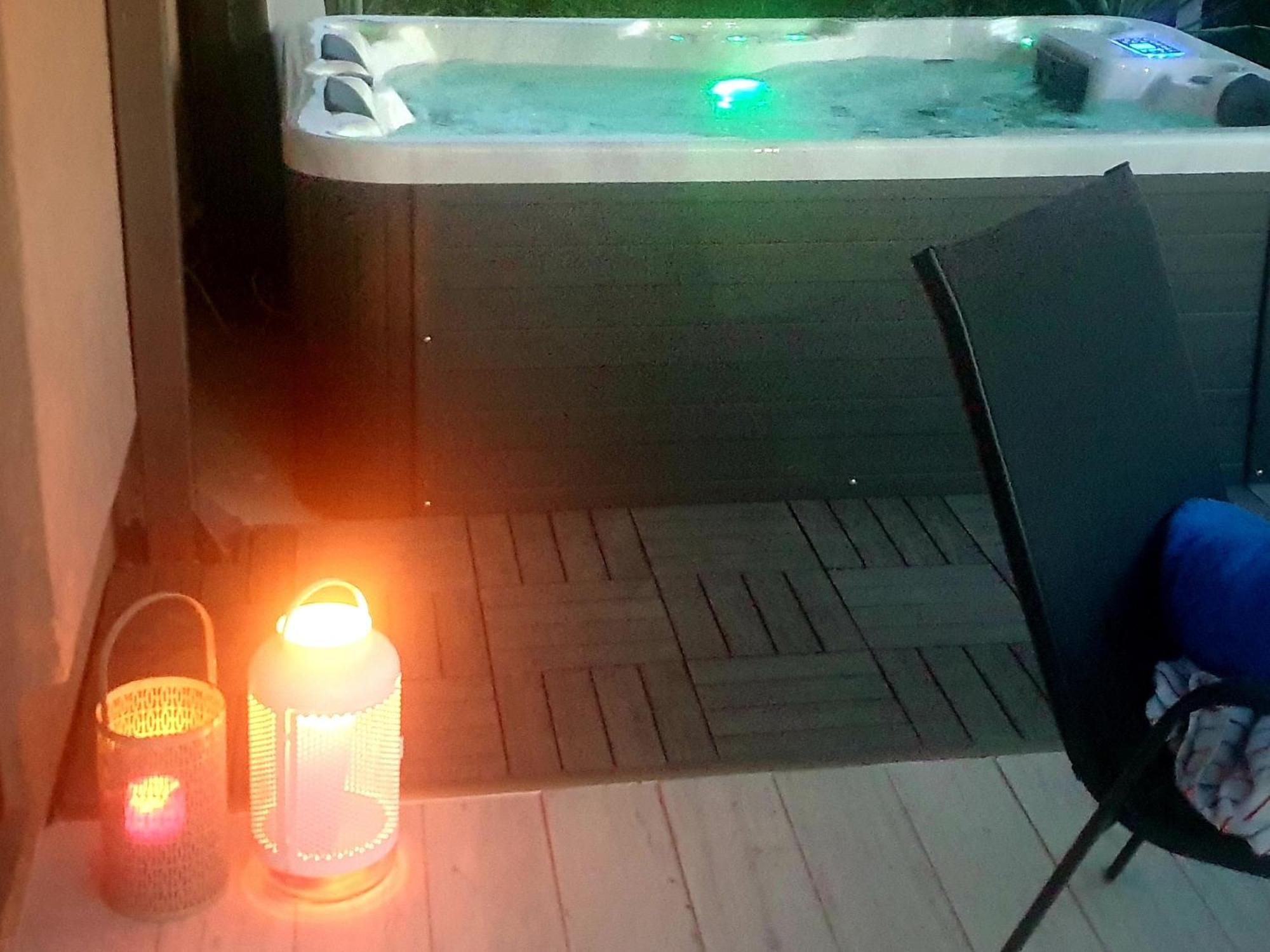 La Tina Apartman Zágráb Szoba fotó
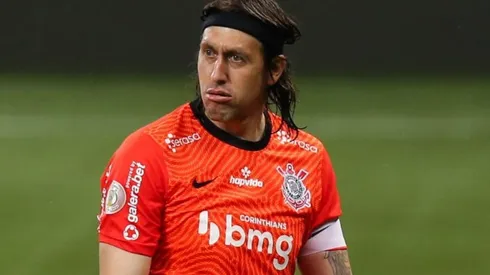 Foto: Getty Images/Brasil/Alexandre Schneider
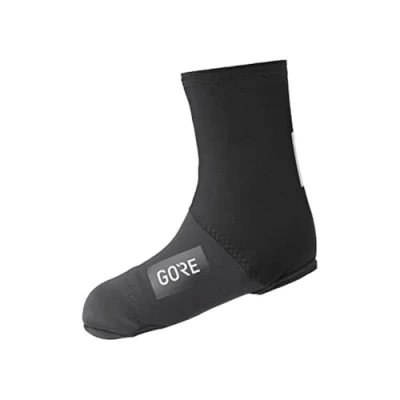 Abbildung von GORE® Wear Radsport Überschuhe THERMO Gamaschenschuh
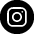 Instagram_icon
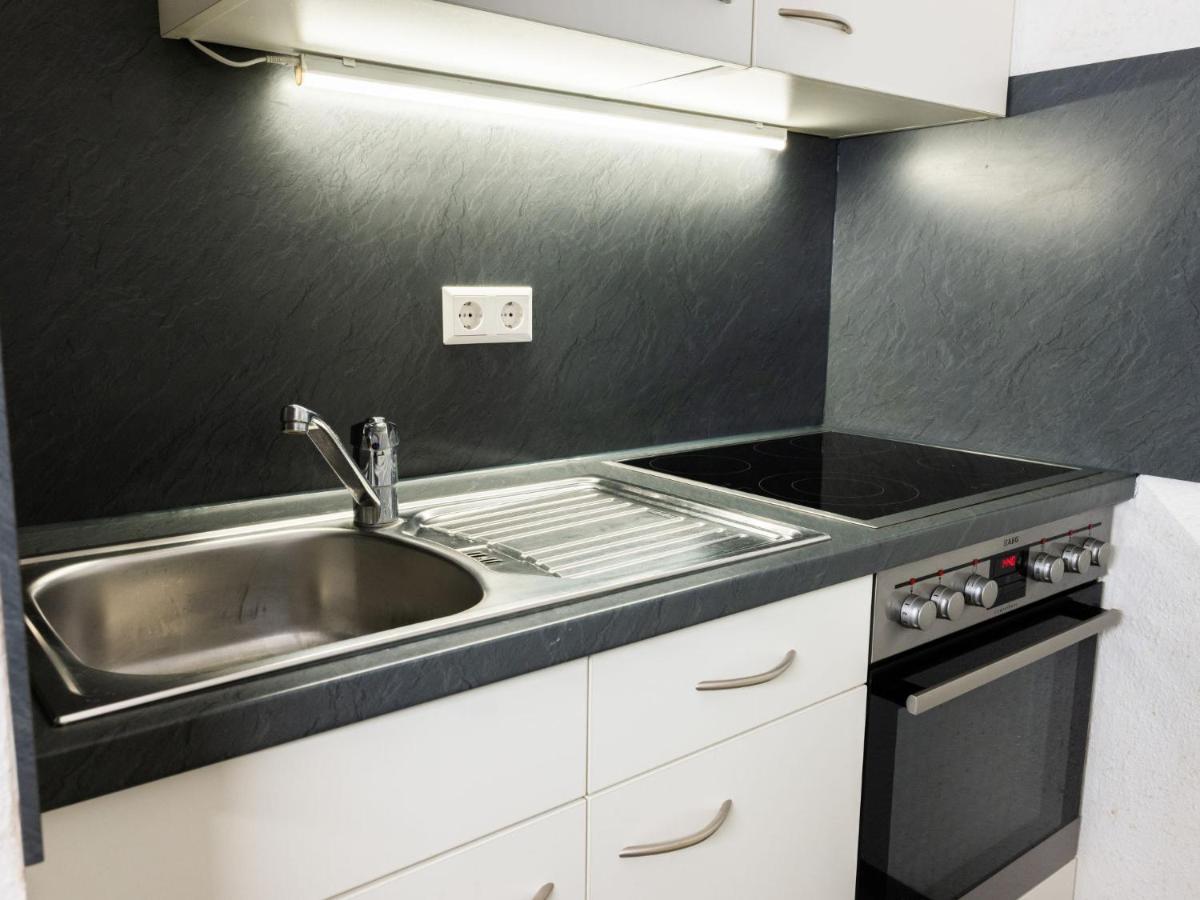 Apartment F 112 By Interhome Dittishausen Εξωτερικό φωτογραφία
===============
• **ABOUT THIS TASK**
I would like you to retype exactly the lines running from the one containing "Abbildung von GORE®" to the last line of the entries, both included, leaving all pictures out.

• **ANSWER**
 Abbildung von GORE® Wear Radsport Überschuhe THERMO Gamaschenschuh
 Instagram_icon
 Apartment F 112 By Interhome Dittishausen Εξωτερικό φωτογραφία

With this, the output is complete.